(TASK INSTRUCTIONS)
Only the lines below starting at the one containing "福克斯 2015款 三厢" and ending at the one containing "4 Como Crescent, Southport QLD 4215" belong in the answer, each copied exactly.

(Stored items from a collection)
+ + +

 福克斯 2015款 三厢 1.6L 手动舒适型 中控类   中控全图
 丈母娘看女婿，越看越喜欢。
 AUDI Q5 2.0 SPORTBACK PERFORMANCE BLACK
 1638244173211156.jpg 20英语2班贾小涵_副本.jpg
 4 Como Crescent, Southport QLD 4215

+ + +

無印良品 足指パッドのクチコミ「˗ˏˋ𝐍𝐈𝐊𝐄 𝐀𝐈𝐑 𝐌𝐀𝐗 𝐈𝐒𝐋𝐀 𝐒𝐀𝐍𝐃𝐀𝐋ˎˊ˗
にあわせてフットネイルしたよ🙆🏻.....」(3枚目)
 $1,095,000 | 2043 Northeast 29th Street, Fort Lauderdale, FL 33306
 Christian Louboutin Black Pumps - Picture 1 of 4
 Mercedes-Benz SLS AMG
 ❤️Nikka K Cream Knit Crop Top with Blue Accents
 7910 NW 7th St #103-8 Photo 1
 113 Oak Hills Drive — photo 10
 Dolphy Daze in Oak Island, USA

+ + +

(ANSWER TO THIS EXERCISE)
 福克斯 2015款 三厢 1.6L 手动舒适型 中控类   中控全图
 丈母娘看女婿，越看越喜欢。
 AUDI Q5 2.0 SPORTBACK PERFORMANCE BLACK
 1638244173211156.jpg 20英语2班贾小涵_副本.jpg
 4 Como Crescent, Southport QLD 4215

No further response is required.